YOUR OBJECTIVE — The lines from the first line of the entries through the line containing "Z drugiej ręki" are to be repeated exactly, with both of those lines included.

Short text fragments from websites
----

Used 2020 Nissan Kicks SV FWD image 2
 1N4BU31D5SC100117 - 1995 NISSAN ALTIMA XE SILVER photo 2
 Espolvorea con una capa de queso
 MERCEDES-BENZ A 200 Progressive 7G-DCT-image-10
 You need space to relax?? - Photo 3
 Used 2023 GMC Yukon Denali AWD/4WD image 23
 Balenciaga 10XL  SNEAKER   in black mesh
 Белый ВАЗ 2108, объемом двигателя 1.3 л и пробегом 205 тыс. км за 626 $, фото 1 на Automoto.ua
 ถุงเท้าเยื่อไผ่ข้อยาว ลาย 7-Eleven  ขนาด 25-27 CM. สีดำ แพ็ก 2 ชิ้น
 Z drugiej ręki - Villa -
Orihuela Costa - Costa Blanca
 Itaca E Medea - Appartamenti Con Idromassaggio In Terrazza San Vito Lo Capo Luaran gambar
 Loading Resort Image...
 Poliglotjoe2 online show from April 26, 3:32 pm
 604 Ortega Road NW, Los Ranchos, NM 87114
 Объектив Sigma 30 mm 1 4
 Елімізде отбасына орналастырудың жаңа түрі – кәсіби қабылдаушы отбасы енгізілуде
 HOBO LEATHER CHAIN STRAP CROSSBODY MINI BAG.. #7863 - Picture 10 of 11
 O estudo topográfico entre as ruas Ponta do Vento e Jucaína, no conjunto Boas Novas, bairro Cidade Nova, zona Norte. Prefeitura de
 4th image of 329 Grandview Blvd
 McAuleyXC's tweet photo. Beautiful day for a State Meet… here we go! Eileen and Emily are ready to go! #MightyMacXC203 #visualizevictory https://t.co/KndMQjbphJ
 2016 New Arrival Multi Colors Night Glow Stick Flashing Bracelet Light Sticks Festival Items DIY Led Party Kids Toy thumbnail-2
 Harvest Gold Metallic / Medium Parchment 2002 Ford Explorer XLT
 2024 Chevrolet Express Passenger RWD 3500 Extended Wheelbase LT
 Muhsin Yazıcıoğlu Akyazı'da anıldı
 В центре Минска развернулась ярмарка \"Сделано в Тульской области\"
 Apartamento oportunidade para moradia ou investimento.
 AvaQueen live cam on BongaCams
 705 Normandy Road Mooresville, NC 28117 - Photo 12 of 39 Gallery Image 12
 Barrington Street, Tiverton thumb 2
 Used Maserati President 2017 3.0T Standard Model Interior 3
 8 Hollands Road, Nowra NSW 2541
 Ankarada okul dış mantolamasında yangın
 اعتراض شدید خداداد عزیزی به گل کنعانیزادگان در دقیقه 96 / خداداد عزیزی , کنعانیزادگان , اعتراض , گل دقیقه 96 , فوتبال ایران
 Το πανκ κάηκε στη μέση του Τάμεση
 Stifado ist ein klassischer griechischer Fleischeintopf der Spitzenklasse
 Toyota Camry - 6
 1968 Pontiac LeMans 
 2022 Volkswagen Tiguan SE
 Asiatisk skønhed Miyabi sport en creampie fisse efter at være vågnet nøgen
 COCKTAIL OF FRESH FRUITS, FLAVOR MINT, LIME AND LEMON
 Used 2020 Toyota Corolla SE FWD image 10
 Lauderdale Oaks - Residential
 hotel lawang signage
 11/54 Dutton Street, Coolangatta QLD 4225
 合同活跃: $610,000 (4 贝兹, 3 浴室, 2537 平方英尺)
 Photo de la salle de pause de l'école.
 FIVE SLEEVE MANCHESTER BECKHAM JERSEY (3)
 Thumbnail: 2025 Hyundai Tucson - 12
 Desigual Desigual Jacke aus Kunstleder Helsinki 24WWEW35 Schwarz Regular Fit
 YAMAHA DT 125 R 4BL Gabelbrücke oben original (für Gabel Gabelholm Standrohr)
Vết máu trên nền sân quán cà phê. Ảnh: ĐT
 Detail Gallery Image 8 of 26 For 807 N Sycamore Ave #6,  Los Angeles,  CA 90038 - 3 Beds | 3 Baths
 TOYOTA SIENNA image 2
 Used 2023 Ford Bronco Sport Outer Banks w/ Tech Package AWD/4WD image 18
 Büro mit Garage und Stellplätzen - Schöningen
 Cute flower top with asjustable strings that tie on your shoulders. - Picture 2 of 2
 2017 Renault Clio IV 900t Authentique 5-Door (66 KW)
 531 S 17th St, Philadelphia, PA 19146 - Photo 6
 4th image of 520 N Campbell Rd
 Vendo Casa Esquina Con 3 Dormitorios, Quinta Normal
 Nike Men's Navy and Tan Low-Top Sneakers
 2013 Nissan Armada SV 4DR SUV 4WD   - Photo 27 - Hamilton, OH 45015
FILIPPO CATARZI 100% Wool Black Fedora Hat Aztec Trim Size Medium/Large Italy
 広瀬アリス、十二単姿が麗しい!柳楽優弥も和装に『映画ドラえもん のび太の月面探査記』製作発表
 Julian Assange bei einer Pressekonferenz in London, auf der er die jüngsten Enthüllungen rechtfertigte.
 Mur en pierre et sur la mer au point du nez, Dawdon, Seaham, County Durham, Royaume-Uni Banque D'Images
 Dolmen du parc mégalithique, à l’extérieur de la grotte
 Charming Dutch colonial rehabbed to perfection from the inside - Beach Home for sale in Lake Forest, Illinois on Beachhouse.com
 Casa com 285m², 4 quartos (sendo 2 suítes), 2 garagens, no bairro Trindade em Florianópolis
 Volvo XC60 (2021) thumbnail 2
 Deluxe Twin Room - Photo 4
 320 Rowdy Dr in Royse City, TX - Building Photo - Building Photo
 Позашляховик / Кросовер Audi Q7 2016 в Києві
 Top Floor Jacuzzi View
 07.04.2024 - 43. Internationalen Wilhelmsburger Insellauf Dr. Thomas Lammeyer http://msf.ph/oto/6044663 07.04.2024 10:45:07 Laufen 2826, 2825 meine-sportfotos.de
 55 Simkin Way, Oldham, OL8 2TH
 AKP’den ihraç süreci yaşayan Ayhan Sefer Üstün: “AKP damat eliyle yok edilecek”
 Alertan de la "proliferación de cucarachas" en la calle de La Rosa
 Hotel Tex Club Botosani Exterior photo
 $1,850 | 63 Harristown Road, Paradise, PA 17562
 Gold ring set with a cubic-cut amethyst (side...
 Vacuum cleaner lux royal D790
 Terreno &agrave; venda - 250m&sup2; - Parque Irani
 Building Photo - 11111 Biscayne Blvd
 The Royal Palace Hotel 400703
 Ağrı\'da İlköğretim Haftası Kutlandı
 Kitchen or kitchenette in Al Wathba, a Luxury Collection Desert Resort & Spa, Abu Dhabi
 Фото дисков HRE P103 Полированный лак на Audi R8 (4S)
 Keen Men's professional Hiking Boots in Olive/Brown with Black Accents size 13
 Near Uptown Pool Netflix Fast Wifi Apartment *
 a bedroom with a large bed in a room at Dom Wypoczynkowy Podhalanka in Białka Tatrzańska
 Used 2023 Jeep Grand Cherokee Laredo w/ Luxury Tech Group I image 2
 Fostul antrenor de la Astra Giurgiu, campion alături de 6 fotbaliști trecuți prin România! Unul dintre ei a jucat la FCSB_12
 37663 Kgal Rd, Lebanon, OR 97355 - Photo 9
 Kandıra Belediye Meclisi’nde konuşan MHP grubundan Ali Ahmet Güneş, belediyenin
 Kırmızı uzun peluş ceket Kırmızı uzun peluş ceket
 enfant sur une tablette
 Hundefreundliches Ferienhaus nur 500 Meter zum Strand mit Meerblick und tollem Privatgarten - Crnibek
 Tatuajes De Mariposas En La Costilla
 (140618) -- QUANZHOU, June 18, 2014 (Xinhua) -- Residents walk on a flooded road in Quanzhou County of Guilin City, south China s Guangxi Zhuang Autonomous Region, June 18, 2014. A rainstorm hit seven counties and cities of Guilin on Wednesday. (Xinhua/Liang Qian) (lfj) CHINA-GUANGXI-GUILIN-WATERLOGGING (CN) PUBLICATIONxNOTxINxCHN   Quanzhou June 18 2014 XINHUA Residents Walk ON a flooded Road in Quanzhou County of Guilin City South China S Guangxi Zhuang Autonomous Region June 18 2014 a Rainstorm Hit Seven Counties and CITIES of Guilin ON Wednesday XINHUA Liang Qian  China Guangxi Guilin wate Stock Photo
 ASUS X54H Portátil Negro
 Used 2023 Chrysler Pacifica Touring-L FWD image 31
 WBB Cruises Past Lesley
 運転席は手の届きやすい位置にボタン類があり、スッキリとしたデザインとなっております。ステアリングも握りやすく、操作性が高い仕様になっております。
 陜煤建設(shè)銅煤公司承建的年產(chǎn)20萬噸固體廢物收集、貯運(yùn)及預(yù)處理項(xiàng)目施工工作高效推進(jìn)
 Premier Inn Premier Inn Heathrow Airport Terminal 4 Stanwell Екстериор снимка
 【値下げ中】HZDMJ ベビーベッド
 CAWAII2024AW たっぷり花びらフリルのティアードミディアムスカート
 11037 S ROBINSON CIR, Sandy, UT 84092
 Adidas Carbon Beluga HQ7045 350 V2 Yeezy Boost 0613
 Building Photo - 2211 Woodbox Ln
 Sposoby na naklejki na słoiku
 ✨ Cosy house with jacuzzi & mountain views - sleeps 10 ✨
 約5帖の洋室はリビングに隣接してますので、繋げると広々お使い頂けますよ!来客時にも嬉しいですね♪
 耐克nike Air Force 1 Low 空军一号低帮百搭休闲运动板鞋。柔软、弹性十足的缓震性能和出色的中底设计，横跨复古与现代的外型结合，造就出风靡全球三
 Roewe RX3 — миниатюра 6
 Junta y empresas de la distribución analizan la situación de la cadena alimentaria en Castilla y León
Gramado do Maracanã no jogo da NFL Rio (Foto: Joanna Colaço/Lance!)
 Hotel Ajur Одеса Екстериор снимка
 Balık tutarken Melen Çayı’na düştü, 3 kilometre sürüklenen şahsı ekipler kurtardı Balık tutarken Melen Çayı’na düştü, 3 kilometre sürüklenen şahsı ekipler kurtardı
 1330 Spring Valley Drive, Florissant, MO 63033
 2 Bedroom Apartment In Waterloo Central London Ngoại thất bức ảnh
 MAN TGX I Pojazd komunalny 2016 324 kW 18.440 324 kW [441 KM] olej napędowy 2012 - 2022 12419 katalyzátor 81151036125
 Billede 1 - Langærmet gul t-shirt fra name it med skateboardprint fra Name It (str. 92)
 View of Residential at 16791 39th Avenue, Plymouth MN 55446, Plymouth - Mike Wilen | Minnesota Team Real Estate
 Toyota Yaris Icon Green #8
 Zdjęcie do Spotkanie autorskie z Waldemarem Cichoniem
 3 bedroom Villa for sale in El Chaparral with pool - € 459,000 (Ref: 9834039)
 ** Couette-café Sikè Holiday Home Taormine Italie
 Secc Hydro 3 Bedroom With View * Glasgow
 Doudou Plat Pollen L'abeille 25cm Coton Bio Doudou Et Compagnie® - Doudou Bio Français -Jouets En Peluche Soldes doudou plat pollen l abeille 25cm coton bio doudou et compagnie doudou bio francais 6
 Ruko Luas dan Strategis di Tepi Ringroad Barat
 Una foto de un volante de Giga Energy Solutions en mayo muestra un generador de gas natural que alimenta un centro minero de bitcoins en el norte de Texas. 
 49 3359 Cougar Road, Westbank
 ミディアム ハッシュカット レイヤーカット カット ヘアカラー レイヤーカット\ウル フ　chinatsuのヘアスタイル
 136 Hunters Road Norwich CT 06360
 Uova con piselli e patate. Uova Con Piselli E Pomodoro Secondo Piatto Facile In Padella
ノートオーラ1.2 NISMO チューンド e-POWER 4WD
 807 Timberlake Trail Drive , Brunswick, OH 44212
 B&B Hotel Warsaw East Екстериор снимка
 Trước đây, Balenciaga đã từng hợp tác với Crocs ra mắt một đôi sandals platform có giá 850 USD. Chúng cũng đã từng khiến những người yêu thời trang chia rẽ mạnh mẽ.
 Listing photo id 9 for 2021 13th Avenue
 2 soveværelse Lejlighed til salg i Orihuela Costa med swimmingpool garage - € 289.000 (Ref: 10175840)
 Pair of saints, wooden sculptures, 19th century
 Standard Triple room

----

RESPONSE AREA —
Used 2020 Nissan Kicks SV FWD image 2
 1N4BU31D5SC100117 - 1995 NISSAN ALTIMA XE SILVER photo 2
 Espolvorea con una capa de queso
 MERCEDES-BENZ A 200 Progressive 7G-DCT-image-10
 You need space to relax?? - Photo 3
 Used 2023 GMC Yukon Denali AWD/4WD image 23
 Balenciaga 10XL  SNEAKER   in black mesh
 Белый ВАЗ 2108, объемом двигателя 1.3 л и пробегом 205 тыс. км за 626 $, фото 1 на Automoto.ua
 ถุงเท้าเยื่อไผ่ข้อยาว ลาย 7-Eleven  ขนาด 25-27 CM. สีดำ แพ็ก 2 ชิ้น
 Z drugiej ręki - Villa -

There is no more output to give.